Le ministre de la Justice, présidant la cérémonie d’installation officielle du comité d’experts
Le ministre de la Justice et des Droits de l’Homme, Garde des Sceaux, Chargé des Relations avec les Institutions, M. Alio Daouda, a procédé, le mercredi 4 février 2026 à son cabinet, à l’installation officielle du Comité d’experts chargé de documenter les plaintes et contentieux opposant l’État du Niger au groupe Orano. Cette initiative marque une nouvelle étape dans la riposte juridique engagée par les autorités nigériennes autour de l’exploitation de l’uranium.
Dans son discours, le ministre Alio Daouda a rappelé que, depuis l’avènement du Conseil national pour la sauvegarde de la patrie (CNSP) le 26 juillet 2023, le Niger fait face à une hostilité persistante de certains pays et sociétés étrangères, notamment la France, en lien avec la volonté des autorités de reprendre le contrôle souverain des ressources naturelles du pays. Il a indiqué que la décision des plus hautes autorités, sous la conduite éclairée du Président de la République, le Général d’Armée Abdourahamane Tiani, de nationaliser l’exploitation des ressources minières a donné lieu à plusieurs procédures engagées par Orano contre l’État du Niger devant le Centre international pour le règlement des différends relatifs aux investissements (CIRDI).

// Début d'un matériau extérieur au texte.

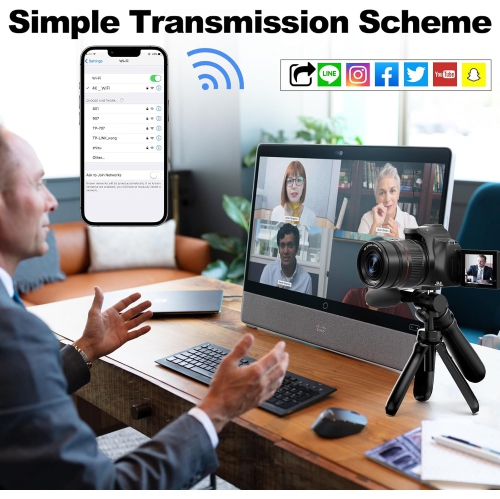 Digital Camera for Photography 64MP 12 x Optical Zoom Bridge with Macro,4K vlogging for YouTube,Auto Focus,Straps,2 battries and 32 SD Card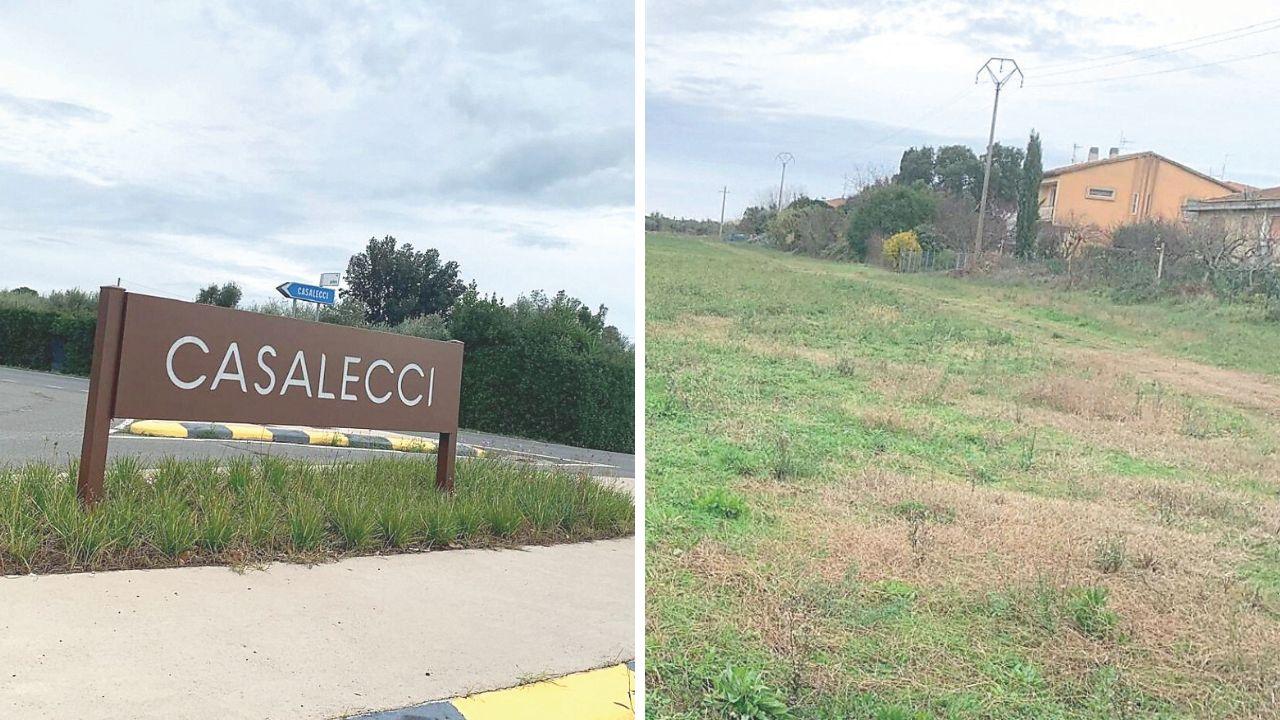 L'ingresso di Casalecci e uno dei campi da cui arrivano e fuggono i ladri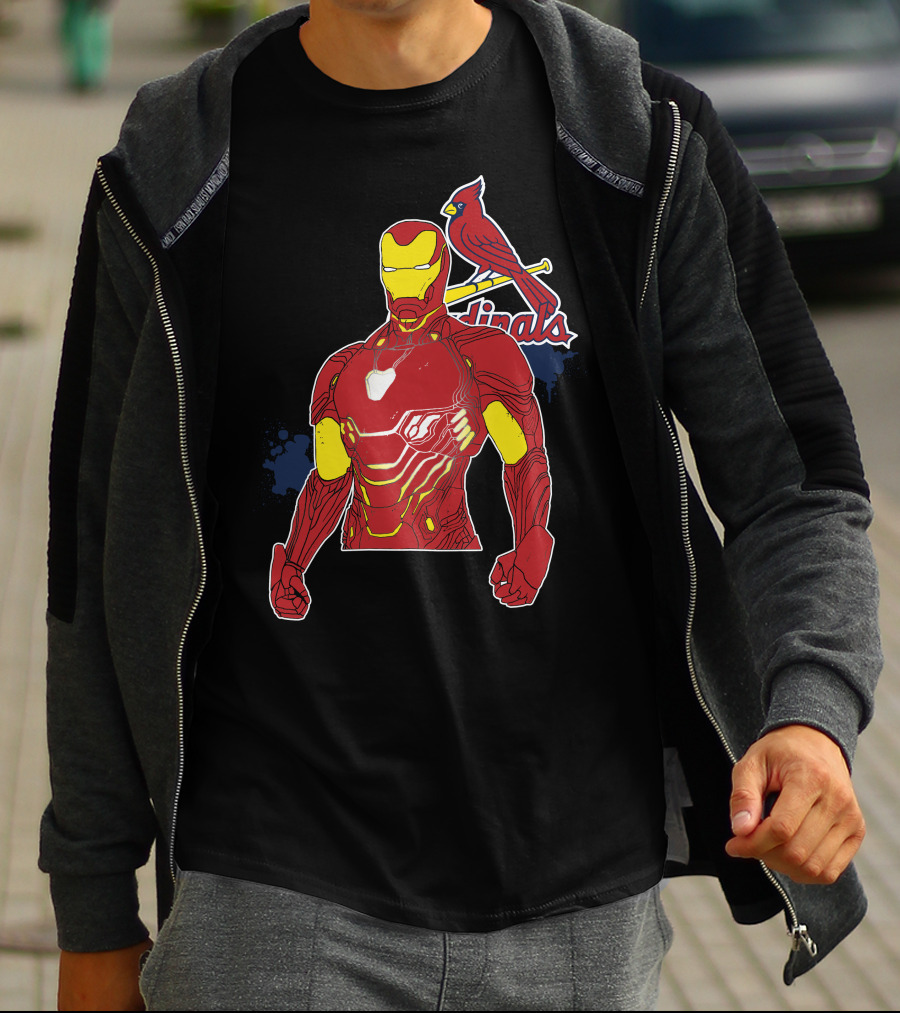 Iron Man St Louis Cardinals Crossover T-Shirt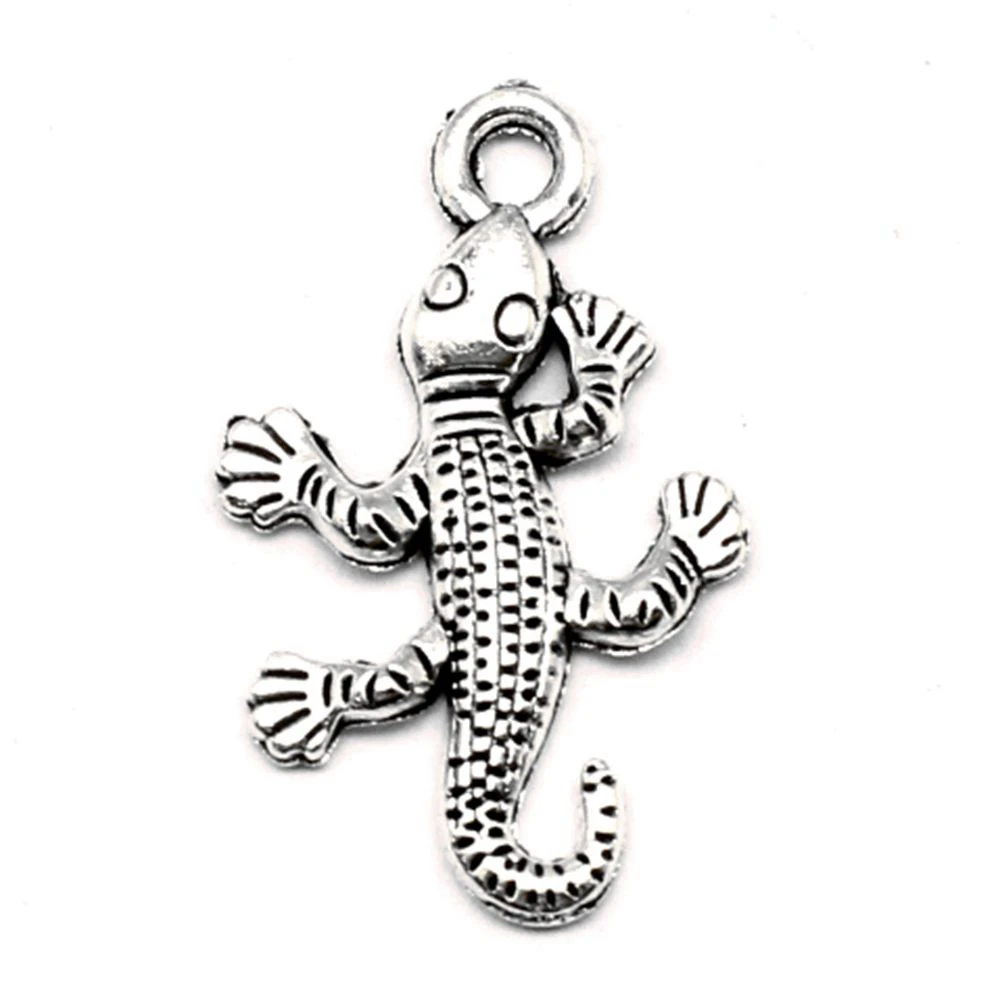 

Lizards Charm For Making Jewelry Diy Finding 80pcs 15x25mm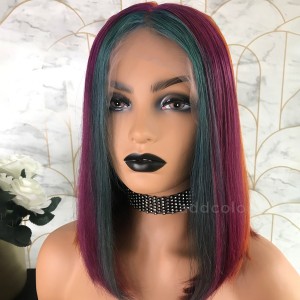 Jade Remy Hair Lace Front Wigs Rainbow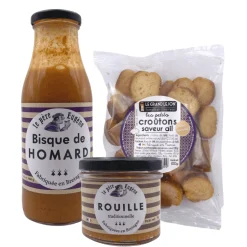 Le Grand Lejon Lobster Bisque, Garlic Croutons and Rouille Set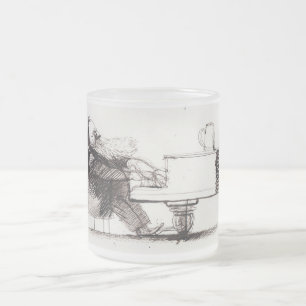 Café Vidro Jateado Caneca de Brahms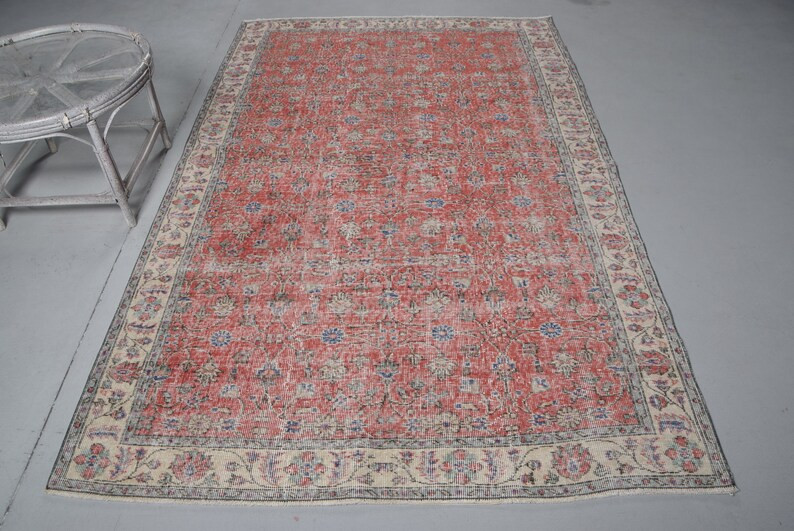 5.1x8.6 Ft Large Rug, Red Moroccan Rugs, Vintage Rug, Turkish Rug, Rugs for Salon, Anatolian Rug,... | Etsy (US)
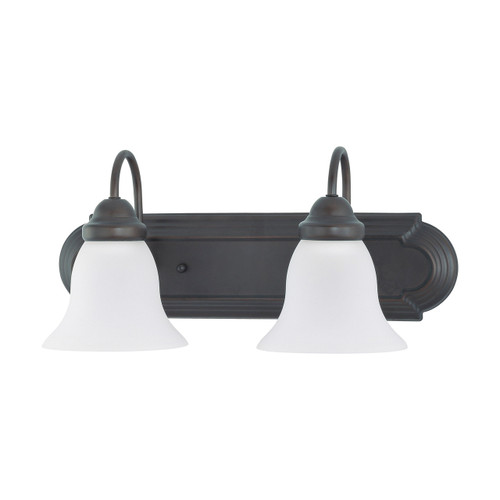 SATCO | 60-3161 | Ballerina 2 Light 18 in. Vanity Frosted White Glass
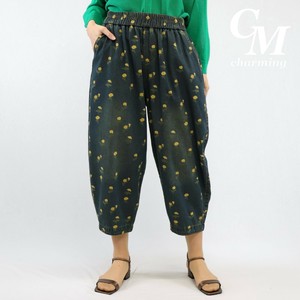 Cropped Pant Design Floral Pattern Printed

M. Alio Daouda a aussi rappelé que l’exploitation de l’uranium au Niger a entraîné de lourdes conséquences environnementales, sanitaires et économiques. Il a également évoqué la pollution des sites miniers par Orano, la mauvaise gestion des déchets issus de ses exploitations et les risques durables que cela cause pour la santé des populations riveraines. La récente découverte d’une quantité d’uranate dans la zone de Madaouéla a été mentionnée comme un élément préoccupant nécessitant des investigations approfondies. Face à cette situation, dit-il, l’État du Niger a décidé d’engager, à son tour, des procédures judiciaires contre Orano. C’est dans ce cadre qu’a été pris l’arrêté n°0353/MJ/DH/GS/CRI/SG du 31 décembre 2025 portant création, composition et missions du comité d’experts.
Ce comité multisectoriel est chargé de recueillir et analyser les violations présumées en matière d’environnement, de santé, de fiscalité et d’économie, de collecter des données factuelles et chiffrées, d’évaluer les impacts sociaux et environnementaux, et d’élaborer des argumentaires juridiques destinés à soutenir la position du Niger devant les juridictions nationales et internationales. « Le choix porté sur vous pour faire partie de ce comité n’est pas le fruit du hasard. Il répond à un besoin d’établissement des faits appuyés par des données incontestables pour prouver à la face du monde et à nos détracteurs en particulier, que si victimes il y a, ce sont bien le Niger et son peuple, soumis à une exploitation éhontée et à une mort programmée du fait d’une exploitation des ressources qui ne s’est guère embarrassée de l’être humain, de ses aspirations et du respect des règles du droit international qui leur impose des obligations bien encadrées », a lancé le ministre à l’endroit des membres du comité.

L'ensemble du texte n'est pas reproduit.